__Venturimeter__

It is a device used to measure the rate of streamline flow of a fluid through a tube . A venturimeter works on Bernoulli’s principle.

It consists of a U-tube filled with mercury fitted to a straight tube, with varying cross-section, through which the rate of flow of the fluid is to be measured.

The area of cross-section in the broader section of the straight tube is A_{1} and that of the narrower section is A_{2} . The speed of flow of the fluid in the narrower section is v_{2} and that at the broader section is v_{1}

Using the principle of continuity, we have

v_{1}A_{1} = v_{2}A_{2} ………(i)

$\large \frac{A_1}{A_2} = \frac{v_2}{v_1}$

The fluid is incompressible. Therefore,

v_{1} A_{1} ρ = v_{2} A_{2} ρ ……..(ii)

Suppose that the pressure in the broader section is P_{1} and in the narrower section is P_{2}

Therefore, P_{1} – P_{2} = hρ_{0}g ……..(iii)

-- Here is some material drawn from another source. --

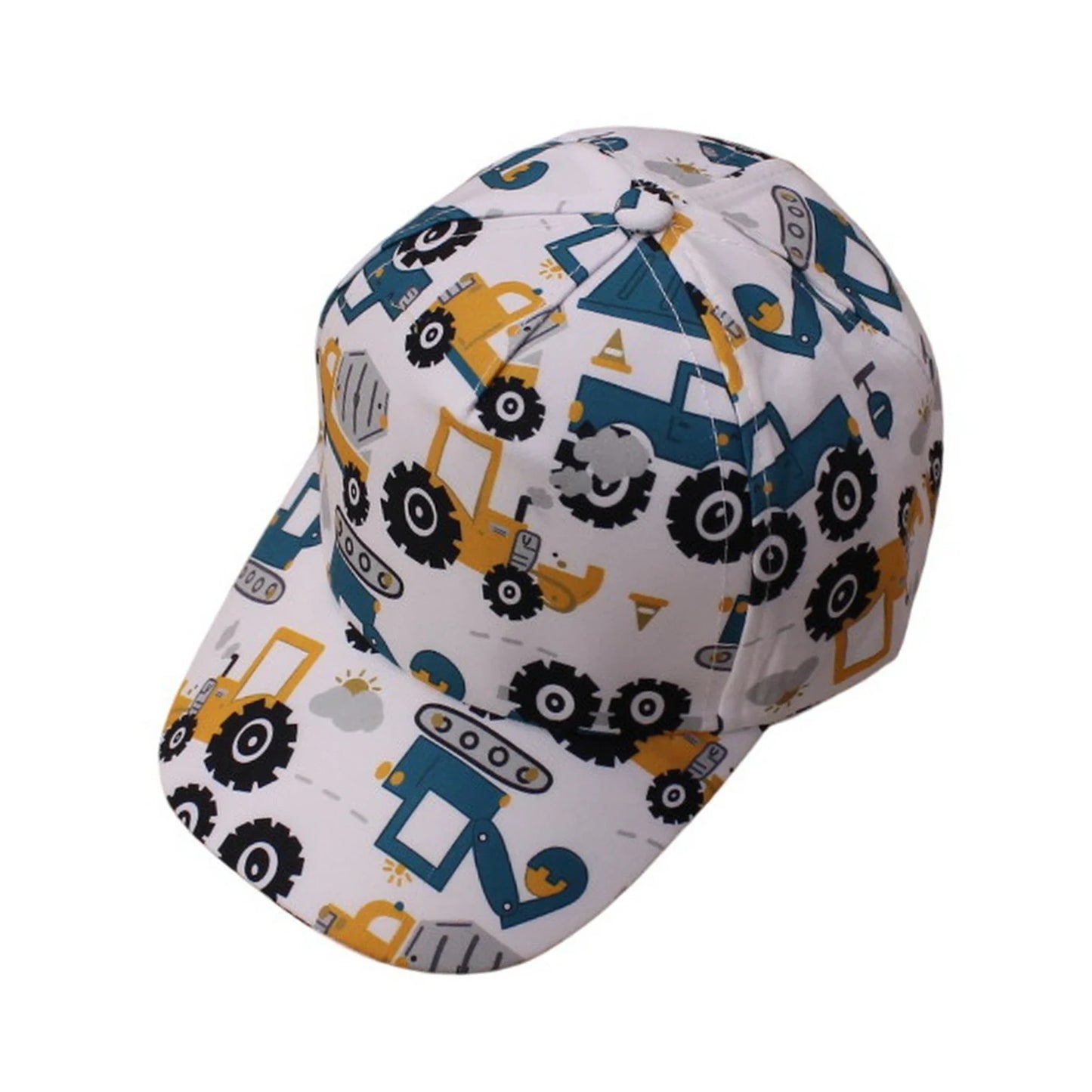 Patterned Baseball Cap | Kids Construction Vehicle Print – White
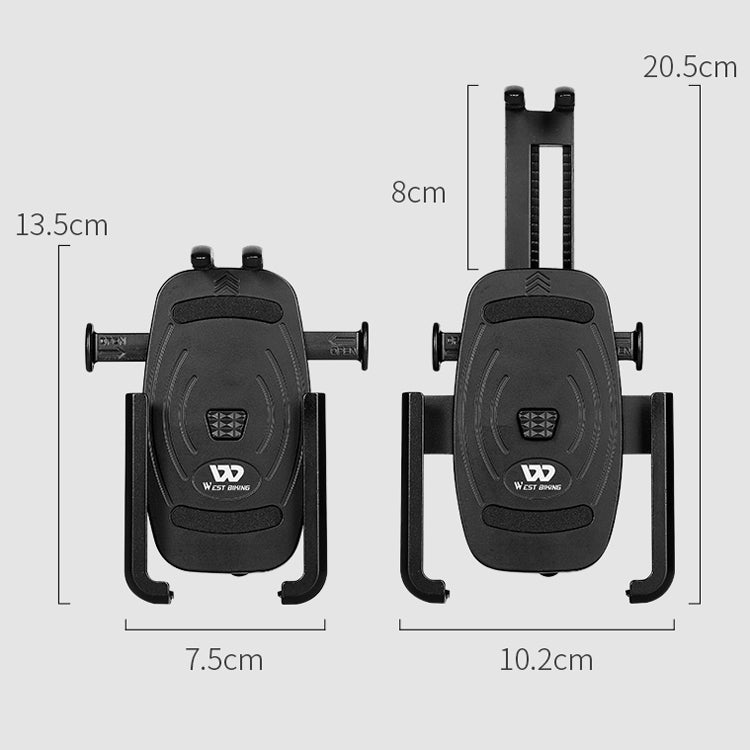 WEST BIKING จักรยานที่วางโทรศัพท์มือถืออลูมิเนียม 360 หมุนได้จักรยานไฟฟ้าสกูตเตอร์ขาตั้งโทรศัพท์รถจักรยานยนต์สไตล์:, Handlebar Style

where ρ_{0} is the density of mercury in the U-tube, and h represents the difference in the levels of mercury in the limbs of the U-tube.

Now, applying Bernoulli’s principle at the two positions, we have

$ \displaystyle P_1 + \frac{1}{2}\rho v_1^2 = P_2 + \frac{1}{2}\rho v_2^2 $

$ \displaystyle P_1 – P_2 = \frac{1}{2}\rho (v_2^2 – v_1^2 ) $

$ \displaystyle \rho_0 g h = \frac{1}{2}\rho (v_2^2 – v_1^2 ) $

$ \displaystyle \rho_0 g h = \frac{1}{2}\rho v_1^2(\frac{v_2^2}{v_1^2} – 1) $

$ \displaystyle \rho_0 g h = \frac{1}{2}\rho v_1^2(\frac{A_1^2}{A_2^2} – 1) $ …(iv)

Solving equations (1) and (4) for v_{1}, we have

$ \displaystyle v_1 = A_2 \sqrt{\frac{2\rho_0 g h}{\rho (A_1^2 -A_2^2)}} $ …….(v)

Therefore the rate of flow of fluid is given by,

Q = A_{1} v_{1}

$ \displaystyle Q = A_1 A_2 \sqrt{\frac{2\rho_0 g h}{\rho (A_1^2 -A_2^2)}} $ ……(vi)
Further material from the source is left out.